To save time and money, companies can use Request Finance to automatically denominate crypto payments in fiat prices, labeling them with accurate market prices using oracles. It also helps tremendously with tax reporting. 

We see stablecoins are on the rise across different blockchain ecosystems. If we are to achieve mass adoption for crypto payments, are stablecoins the way to go?

I believe so. Stablecoins are gradually becoming the most usable form of cryptocurrency, just as we currently pay for most things in fiat currencies and not with shares of listed companies. About 55% of payments on Request Finance involve stablecoins. So it is evident that individuals and businesses are more comfortable dealing with stablecoins than other volatile cryptocurrencies.  

But if we want to see mass adoption of crypto payments, we need wiser regulations that foster the growth of stablecoins in a trustable, yet privacy-preserving manner. And if that happens, stablecoins can become a core component of a novel financial architecture alongside smart contracts and other crypto-native innovations. 

Finally, let me ask you what crypto means to you? And where do you see it go in the next five to ten years? 

For me, crypto means freedom. It will unlock a new era in the development of markets - from capital markets, to labor markets. Remote-first Web 3.0 companies use Request Finance to hire and pay global teams in crypto, regardless of where they live. That’s a historic transformation in labor markets. 
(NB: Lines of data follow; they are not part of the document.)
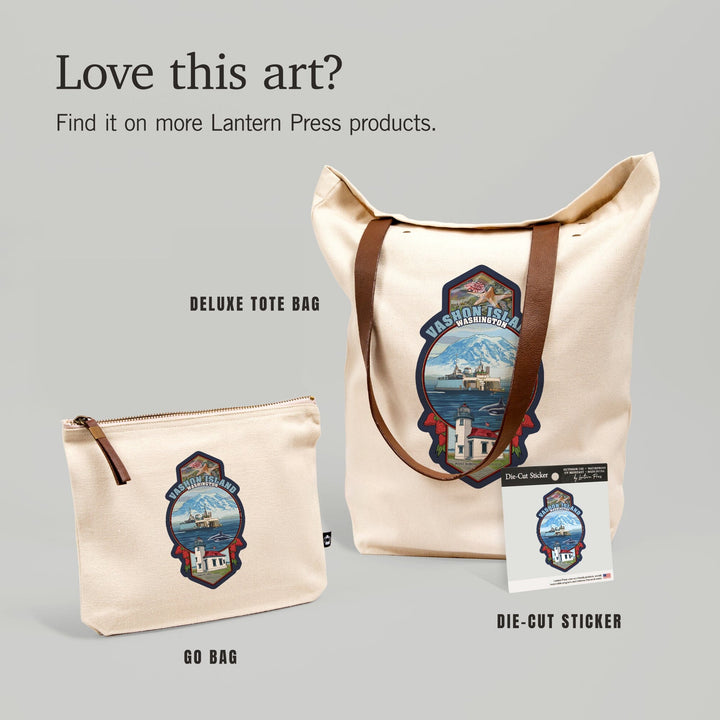 Vashon Island, Washington, Montage, Contour, Vinyl Sticker Sticker Lantern Press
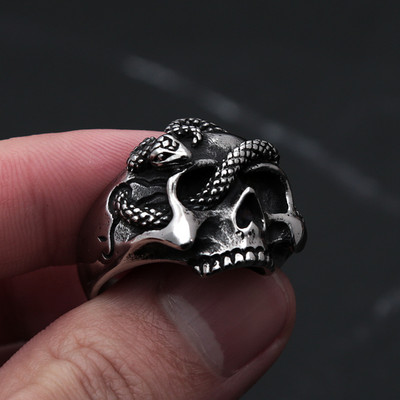 Punk Hip Hop Μοναδικά ασημένια δαχτυλίδια κρανίου για άνδρες από ανοξείδωτο ατσάλι δαχτυλίδι φιδιού Vintage Gothic μόδας κοσμήματα δώρο Dropshipping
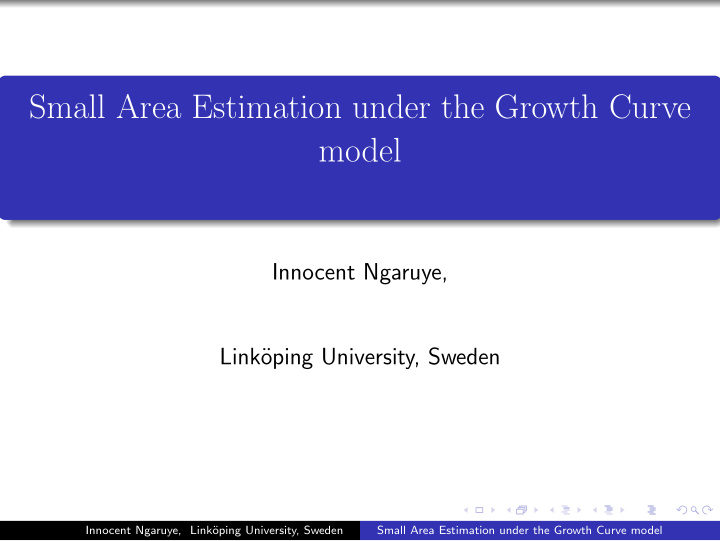 small area estimation under the growth curve model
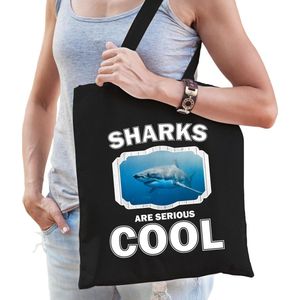 Dieren haai tasje zwart volwassenen en kinderen - sharks are cool cadeau boodschappentasje - Feest Boodschappentassen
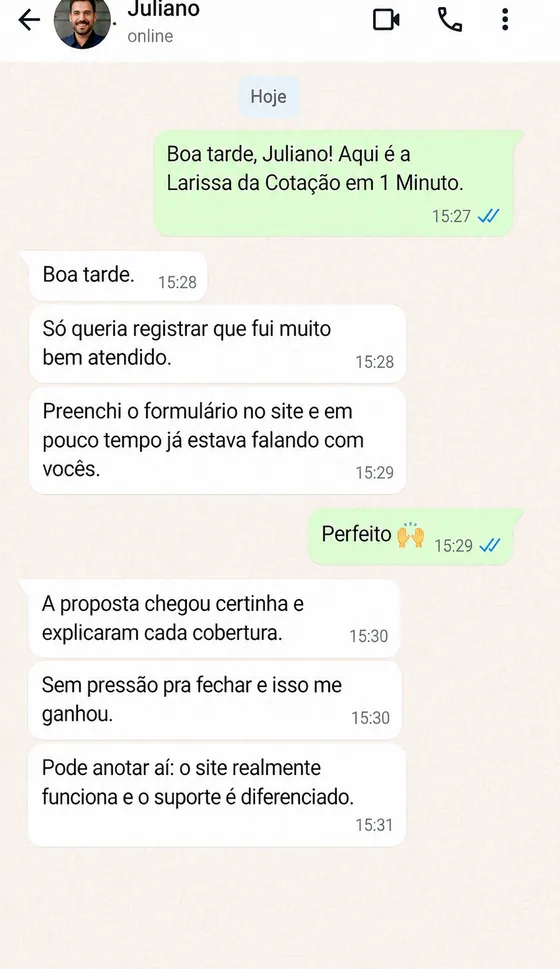 Exemplo ilustrativo de atendimento no WhatsApp, conversa simulada (Juliano)
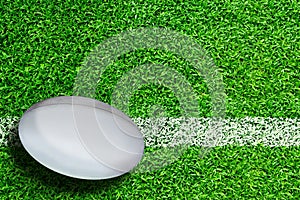 Rugby Ball on Field With Copy Space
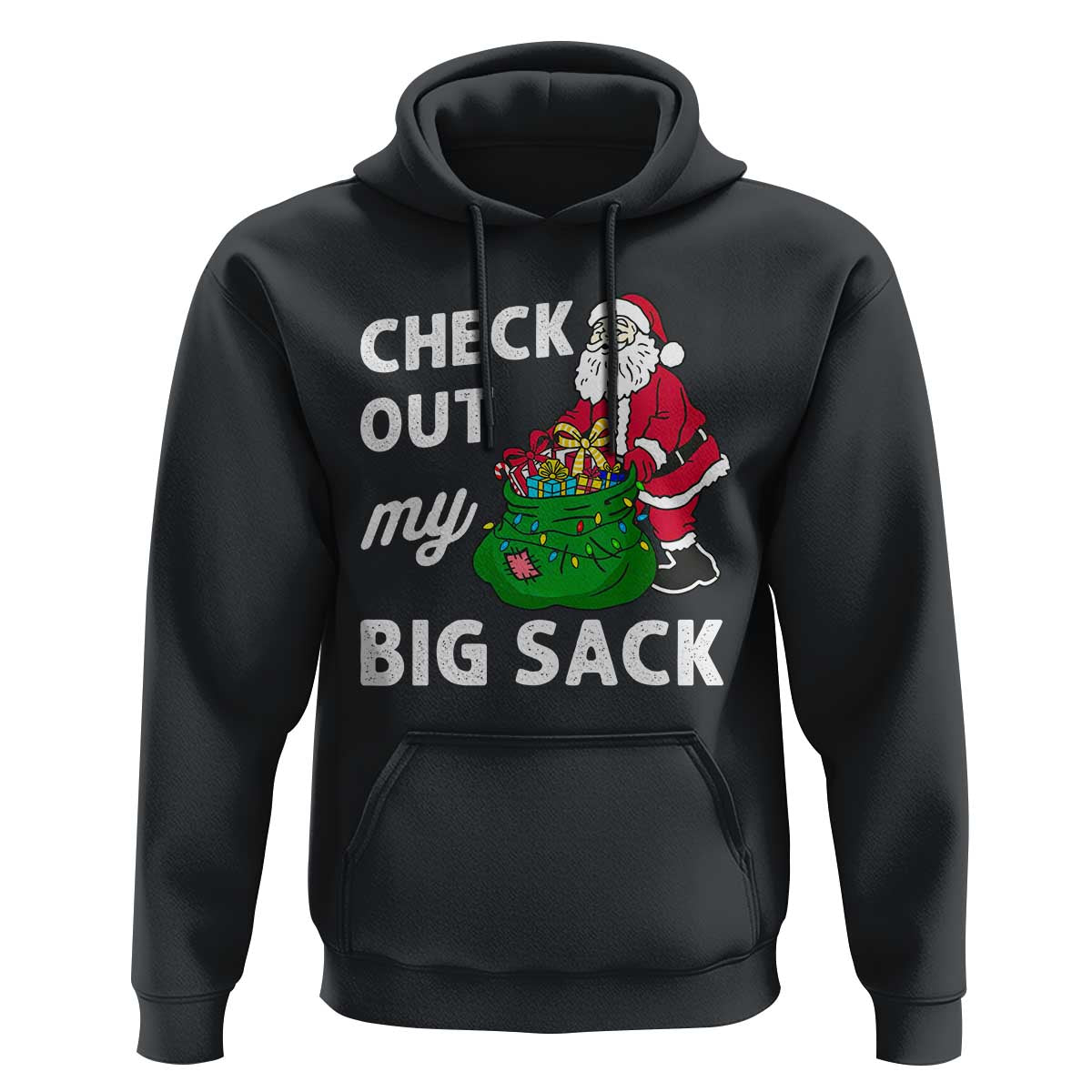 Retro Funny Santa Hoodie Christmas Joke Check Out My Big Sack - Wonder Print Shop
Other crypto companies we support like RealT, are enabling the tokenization of real world assets like real estate. What’s more, they allow people to take out secured loans against these fractional assets. That’s another step forward for the democratization of access to capital markets.

In the next five to ten years, I expect to see more interoperable and scalable solutions in the crypto landscape, with lower entry barriers, and better user experiences. I also believe we will see emerging trends, like the metaverse in action with real-time payment integrations. 

Thank you, Christophe. It was a very insightful session. I’m sure the audience felt the same. Best wishes for Request Finance’s future. I genuinely hope that this project will achieve the success it deserves. 

Thank you very much for having me here. It was a pleasure speaking with you. And yes, I’m pretty bullish about seamless crypto payments being the future.